Milk gains this week, but cheese barrels struggle late

Class III milk futures were supported this week by steady cheese demand that pushed cheese to a new high of year. On Wednesday of this week, the US block/barrel average cheese price closed up at $2.4125/lb, its highest close since November 2020. The surge in demand and the recovery from the recent sell-off brought buyers back into class III milk futures and took the market back up to the $25 per cwt level. Contracts failed to make new highs, but were within striking distance. Late in the week, the barrel cheese market fell 5c lower on Thursday and 5.25c lower on Friday, so the rally subsided a bit. Class IV milk was supported by a rise in US butter this week, adding 14.50c for the week. A bullish milk production report on Wednesday also added fuel to the fire.
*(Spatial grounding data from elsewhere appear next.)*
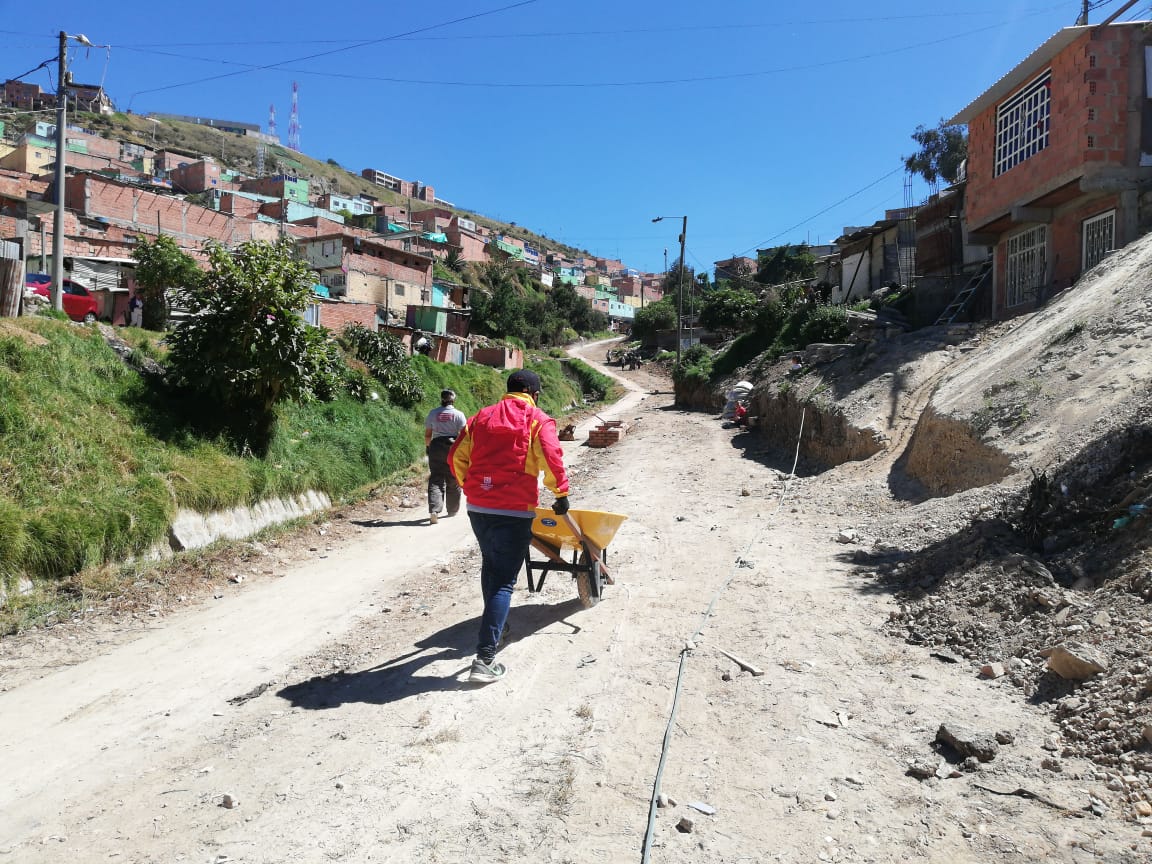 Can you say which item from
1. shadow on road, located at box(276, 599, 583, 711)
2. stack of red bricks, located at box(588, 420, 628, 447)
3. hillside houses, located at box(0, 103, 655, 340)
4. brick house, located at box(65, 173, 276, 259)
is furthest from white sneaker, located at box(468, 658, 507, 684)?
brick house, located at box(65, 173, 276, 259)

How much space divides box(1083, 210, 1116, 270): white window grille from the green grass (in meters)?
14.8

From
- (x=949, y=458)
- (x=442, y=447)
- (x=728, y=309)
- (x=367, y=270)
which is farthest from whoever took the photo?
(x=367, y=270)

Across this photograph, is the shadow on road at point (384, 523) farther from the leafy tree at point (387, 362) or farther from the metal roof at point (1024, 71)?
the metal roof at point (1024, 71)

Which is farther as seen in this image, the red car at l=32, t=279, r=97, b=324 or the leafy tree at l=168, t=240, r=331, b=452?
the red car at l=32, t=279, r=97, b=324

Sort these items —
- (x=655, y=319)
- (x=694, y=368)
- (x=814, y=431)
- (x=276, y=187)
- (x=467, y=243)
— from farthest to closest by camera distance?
1. (x=467, y=243)
2. (x=276, y=187)
3. (x=655, y=319)
4. (x=694, y=368)
5. (x=814, y=431)

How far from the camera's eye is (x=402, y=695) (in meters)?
4.46

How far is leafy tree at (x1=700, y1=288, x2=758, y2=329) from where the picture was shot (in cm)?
4169

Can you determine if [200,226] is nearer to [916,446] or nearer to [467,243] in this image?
[467,243]

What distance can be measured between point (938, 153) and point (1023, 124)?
118 ft

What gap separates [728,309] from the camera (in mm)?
45531

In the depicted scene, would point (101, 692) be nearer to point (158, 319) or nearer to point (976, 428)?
point (976, 428)

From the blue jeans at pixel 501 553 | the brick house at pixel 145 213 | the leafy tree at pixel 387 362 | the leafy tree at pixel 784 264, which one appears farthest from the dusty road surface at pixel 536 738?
the leafy tree at pixel 784 264

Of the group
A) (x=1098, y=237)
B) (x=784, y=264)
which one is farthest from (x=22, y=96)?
(x=1098, y=237)

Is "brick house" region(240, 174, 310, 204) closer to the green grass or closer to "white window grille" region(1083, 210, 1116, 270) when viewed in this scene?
the green grass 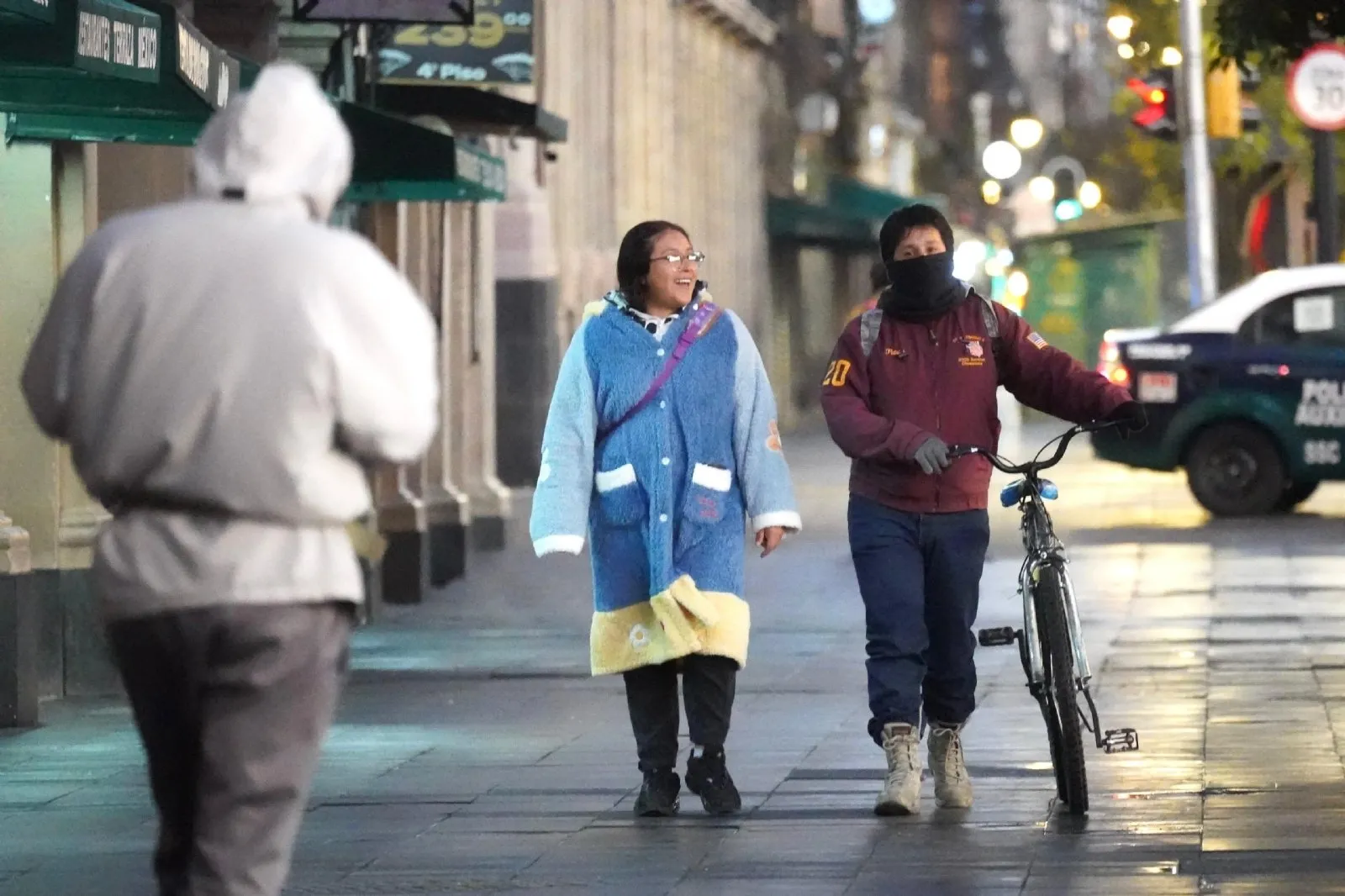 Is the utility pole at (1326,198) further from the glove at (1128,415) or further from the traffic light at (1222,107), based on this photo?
the glove at (1128,415)

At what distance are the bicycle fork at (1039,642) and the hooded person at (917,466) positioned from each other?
15cm

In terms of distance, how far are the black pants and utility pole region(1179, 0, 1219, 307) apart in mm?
18277

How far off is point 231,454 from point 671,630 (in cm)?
405

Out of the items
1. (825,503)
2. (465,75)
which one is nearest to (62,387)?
(465,75)

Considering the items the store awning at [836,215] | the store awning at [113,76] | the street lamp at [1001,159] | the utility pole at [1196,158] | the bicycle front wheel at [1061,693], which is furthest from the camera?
the store awning at [836,215]

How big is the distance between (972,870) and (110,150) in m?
7.54

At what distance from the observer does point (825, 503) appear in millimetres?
26234

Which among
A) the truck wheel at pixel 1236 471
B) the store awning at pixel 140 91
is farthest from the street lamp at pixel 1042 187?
the store awning at pixel 140 91

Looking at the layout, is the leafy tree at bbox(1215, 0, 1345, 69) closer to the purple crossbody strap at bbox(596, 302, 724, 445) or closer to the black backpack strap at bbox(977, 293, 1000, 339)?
the black backpack strap at bbox(977, 293, 1000, 339)

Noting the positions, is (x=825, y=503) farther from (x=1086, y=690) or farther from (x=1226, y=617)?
(x=1086, y=690)

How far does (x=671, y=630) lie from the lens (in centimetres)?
869

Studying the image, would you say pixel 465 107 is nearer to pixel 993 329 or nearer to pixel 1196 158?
pixel 993 329

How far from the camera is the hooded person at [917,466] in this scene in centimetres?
873

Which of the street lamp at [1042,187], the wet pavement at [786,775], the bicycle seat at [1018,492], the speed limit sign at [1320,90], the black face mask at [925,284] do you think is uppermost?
the street lamp at [1042,187] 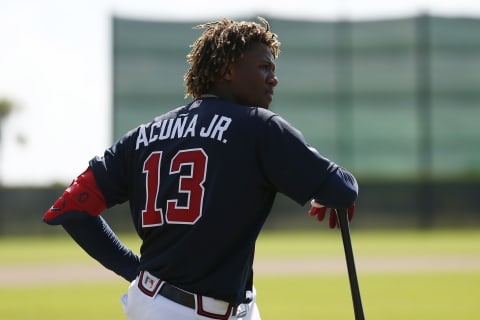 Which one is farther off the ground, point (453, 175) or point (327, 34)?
point (327, 34)

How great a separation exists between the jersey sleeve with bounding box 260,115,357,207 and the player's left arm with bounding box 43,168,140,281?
75cm

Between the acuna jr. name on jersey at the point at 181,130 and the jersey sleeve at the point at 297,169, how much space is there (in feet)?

In this Wednesday’s milk production report, the USDA said that April US milk production fell 1.00% from a year ago. Milk per cow was unchanged from a year ago, but US cow numbers were down 98,000 head from April 2021. Additionally, 18 out of the top 24 milk producing states in the US saw production fall year-over-year. US cow numbers had risen 13,000 head from January to February and gained 22,000 head from February to March, but the rise stalled in April. The USDA said cow numbers were flat from March to April. The 1.00% decline in production for April follows March’s 0.40% decline, February’s 0.90% decline, and January’s 1.70% decline. Fundamentally, these numbers are bullish and support higher price levels.